%%

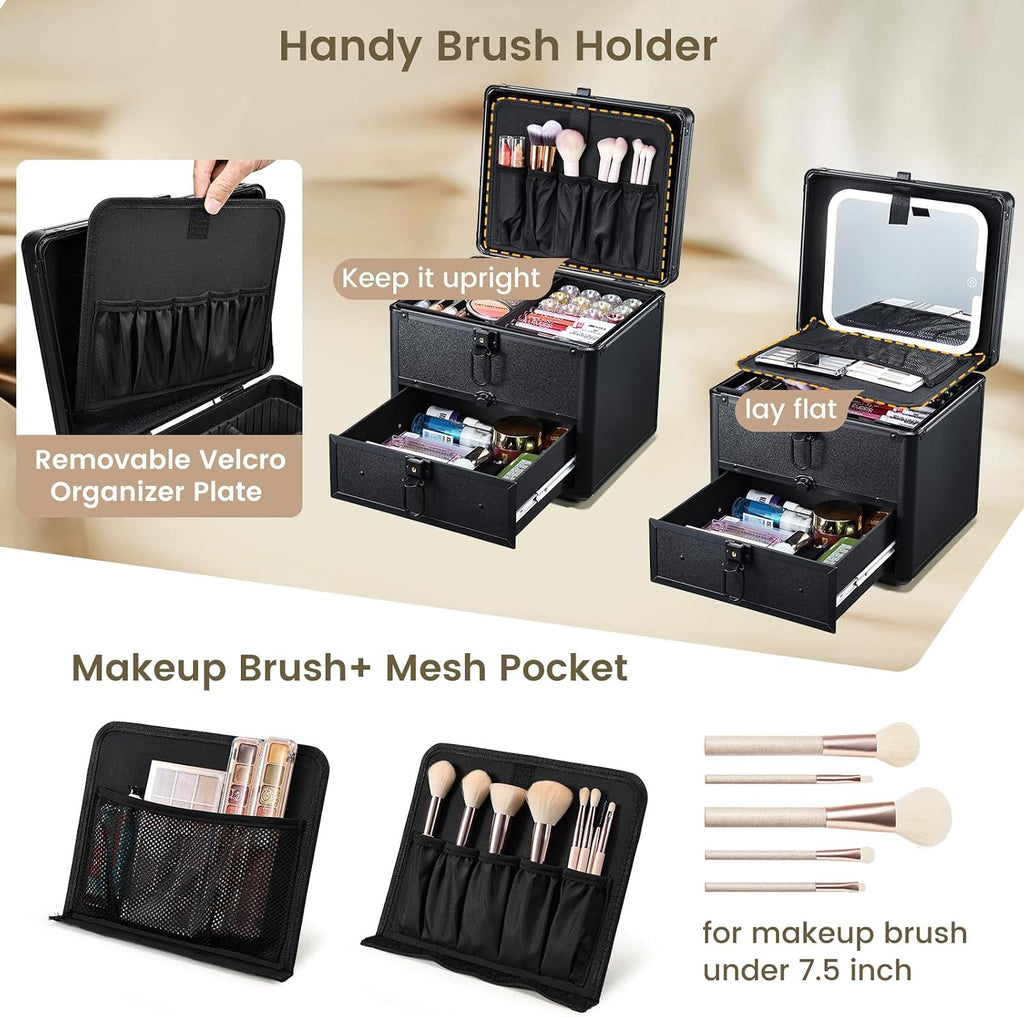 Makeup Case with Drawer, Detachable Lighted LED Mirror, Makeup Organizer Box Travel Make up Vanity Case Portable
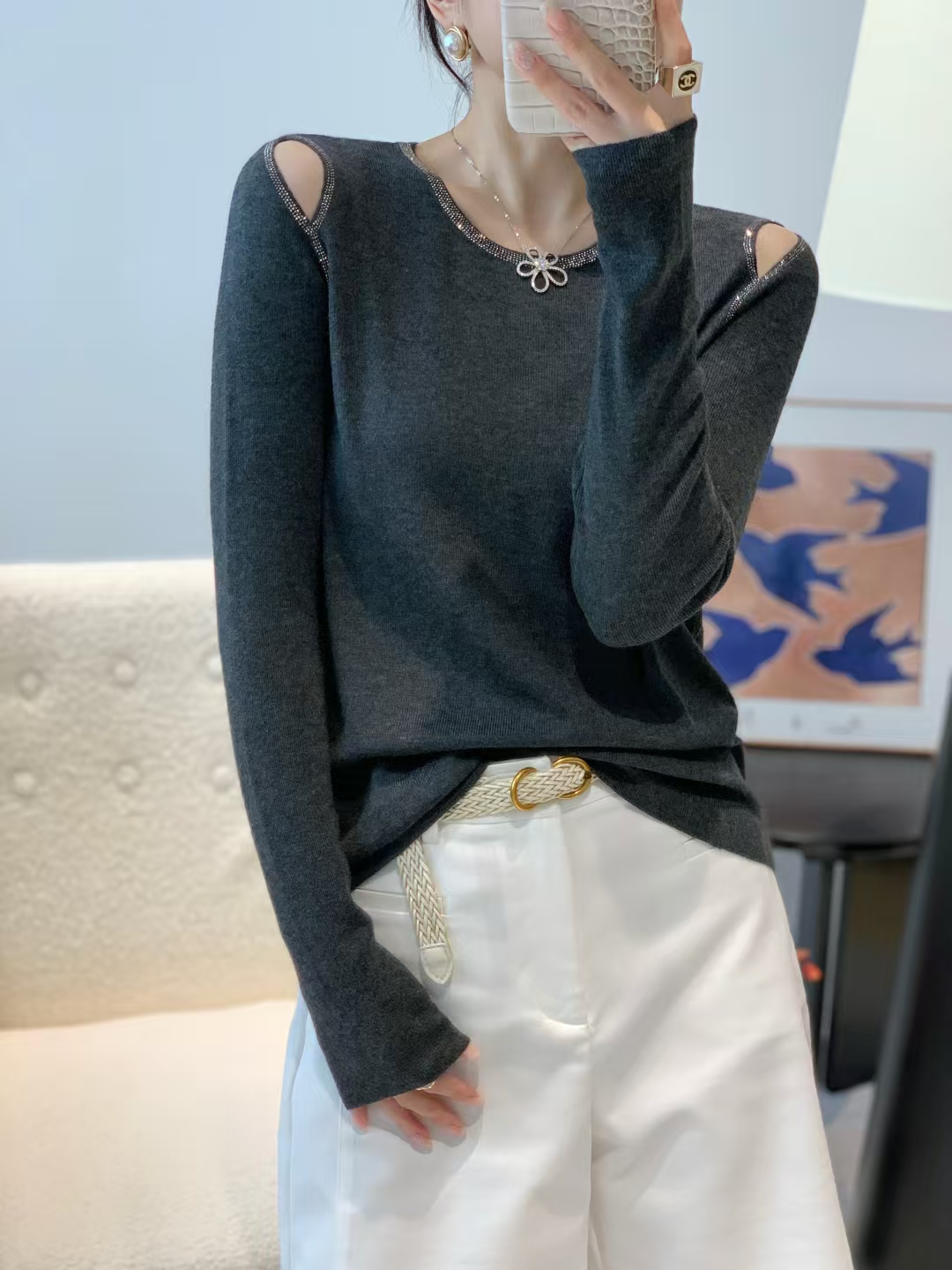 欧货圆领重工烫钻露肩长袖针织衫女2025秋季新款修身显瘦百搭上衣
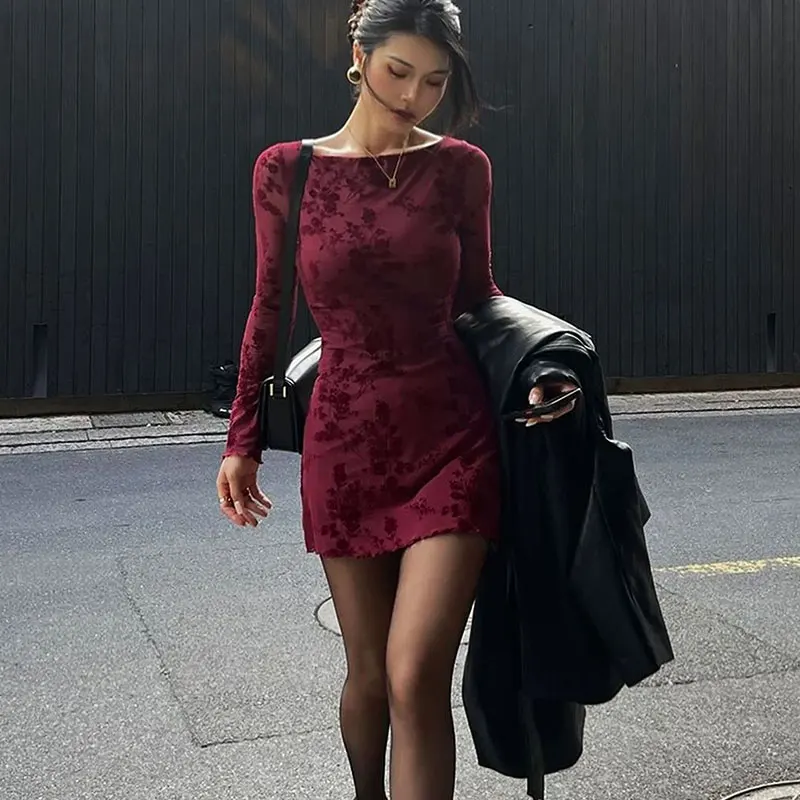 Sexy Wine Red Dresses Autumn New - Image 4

%%

[What is required] Once the pictures are removed, copy the listing exactly.

[Answer space]
 Makeup Case with Drawer, Detachable Lighted LED Mirror, Makeup Organizer Box Travel Make up Vanity Case Portable
 欧货圆领重工烫钻露肩长袖针织衫女2025秋季新款修身显瘦百搭上衣
 Sexy Wine Red Dresses Autumn New - Image 4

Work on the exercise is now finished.